ProgramFacts generates Elixir projects with ground-truth static-analysis facts for testing analyzers, refactoring tools, compilers, and code intelligence systems.
In this roadmap, “program facts” means machine-checkable facts about source code: modules, functions, call edges, call paths, data-flow facts, effect facts, branch facts, architecture facts, project layout facts, and source locations where practical. These are oracle facts: analyzers should rediscover them from the generated source.
The package should not merely generate syntactically valid Elixir. It should generate source code plus ground truth.
Principles
- Generate from a semantic model, not random strings.
- Keep generated programs valid by construction.
- Make every generated program reproducible with a seed.
- Return both source files and expected oracle facts.
- Keep Reach-specific assertions outside this package.
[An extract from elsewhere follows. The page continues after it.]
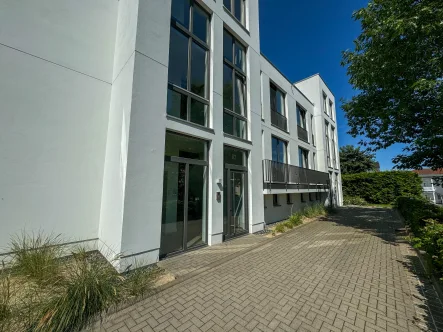  - Wohnung kaufen in Ostseebad Binz - Moderne Wohnung mit Blick ins Grüne im Ostseebad Binz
- Start with a small Elixir subset and expand only when tests need it.
Current status
Completed package-side work through the original roadmap, excluding Reach integration.
- Phase 0: complete.
- Phase 1: complete.
- Phase 2: complete for planned Elixir policies.
- Phase 3: complete for planned branch policies.
- Phase 4: complete for planned effect policies.
- Phase 5: complete for package-side architecture fixtures.
- Phase 6: complete for Elixir layouts; Erlang layouts remain future work.
- Phase 7: complete for the planned initial transform set.
- Phase 8: feedback-directed feature search implemented with scoring/interesting callbacks.
- Phase 9: corpus persistence, manifest loading, failure promotion, and replay helpers implemented.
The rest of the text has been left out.